I've found myself writing a thing I think is less than optimal, looking for suggestions. The context is, I'm testing a result, and as a part of that test, I might verify two or three things, which are individually relevant but not really discrete results (?).

Here's my thinking process, using a toy example:

  foo.should == bar (or foo.should_not be_nil)

> expected not to be nil, but was

(hm, not very informative)

  if( foo == nil )
"failure to setup foo".should == "foo should be set to the thing that will be rendered"
  end

> expected "foo should be set to the thing that will be rendered",
> got "failure to setup foo" (using ==)

I've used this, by example, for a test on a dependency (imagemagick), where if the dependency isn't found, I show a decent message with info the tester can use to resolve it. And, as I mentioned, I've used it for revealing more details in cases where the it "" + the generic error aren't informative.

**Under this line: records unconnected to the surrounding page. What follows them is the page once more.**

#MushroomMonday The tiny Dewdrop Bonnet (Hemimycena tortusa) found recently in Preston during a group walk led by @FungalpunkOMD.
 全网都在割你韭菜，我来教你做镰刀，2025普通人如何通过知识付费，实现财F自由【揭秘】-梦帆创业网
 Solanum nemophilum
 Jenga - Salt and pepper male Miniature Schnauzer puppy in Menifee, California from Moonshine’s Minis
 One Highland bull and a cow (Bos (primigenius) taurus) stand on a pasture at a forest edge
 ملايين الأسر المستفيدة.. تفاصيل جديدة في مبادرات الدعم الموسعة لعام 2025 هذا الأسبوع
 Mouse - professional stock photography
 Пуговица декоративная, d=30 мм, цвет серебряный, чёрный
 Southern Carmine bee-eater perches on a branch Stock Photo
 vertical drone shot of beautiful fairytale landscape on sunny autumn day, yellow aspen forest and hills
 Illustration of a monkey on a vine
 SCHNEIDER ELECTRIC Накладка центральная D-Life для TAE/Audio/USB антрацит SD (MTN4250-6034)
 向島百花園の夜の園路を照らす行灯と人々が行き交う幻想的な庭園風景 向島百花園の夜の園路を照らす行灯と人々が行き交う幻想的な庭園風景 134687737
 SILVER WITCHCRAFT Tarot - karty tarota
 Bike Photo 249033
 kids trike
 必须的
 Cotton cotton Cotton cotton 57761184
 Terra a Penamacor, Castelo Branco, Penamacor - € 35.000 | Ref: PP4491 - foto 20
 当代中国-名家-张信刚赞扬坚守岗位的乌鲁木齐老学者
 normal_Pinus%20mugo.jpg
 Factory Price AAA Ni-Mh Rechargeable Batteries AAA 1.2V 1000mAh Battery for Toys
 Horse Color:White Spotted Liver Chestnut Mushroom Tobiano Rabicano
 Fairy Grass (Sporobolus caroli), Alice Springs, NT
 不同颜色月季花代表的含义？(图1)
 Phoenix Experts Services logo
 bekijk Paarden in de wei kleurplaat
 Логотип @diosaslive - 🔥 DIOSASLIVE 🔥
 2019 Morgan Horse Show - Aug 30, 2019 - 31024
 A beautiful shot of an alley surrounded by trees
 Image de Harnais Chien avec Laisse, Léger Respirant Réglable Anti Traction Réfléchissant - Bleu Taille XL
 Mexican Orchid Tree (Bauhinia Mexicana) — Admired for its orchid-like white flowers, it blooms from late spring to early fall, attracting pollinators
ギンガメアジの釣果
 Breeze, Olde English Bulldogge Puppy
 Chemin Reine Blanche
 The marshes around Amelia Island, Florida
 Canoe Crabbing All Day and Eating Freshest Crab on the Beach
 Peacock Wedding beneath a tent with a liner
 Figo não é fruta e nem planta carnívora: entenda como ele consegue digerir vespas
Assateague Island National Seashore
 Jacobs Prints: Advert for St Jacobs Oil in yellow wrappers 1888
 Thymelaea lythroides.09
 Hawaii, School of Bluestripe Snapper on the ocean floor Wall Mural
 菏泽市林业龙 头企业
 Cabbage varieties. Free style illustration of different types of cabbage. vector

I'm satisfied using this method for things like detecting a failure to use a test-helper correctly - works fine, doesn't get in my way as part of the documentation. Which brings me to the problem I'm concerned about:

With this method, nothing come out in the generated spec-docs to represent the thing I'm conditionally requiring.

I guess I could get more fine-grained with my it()'s, but I've been preferring a more general statement for it(), that gives the sense without the detail.

Any suggestions?

Thanks,

Randy

Hi Randy. I'm not 100% sure what you're asking. In short, are you wondering how to generate expectation failure messages that are more verbose and contextual?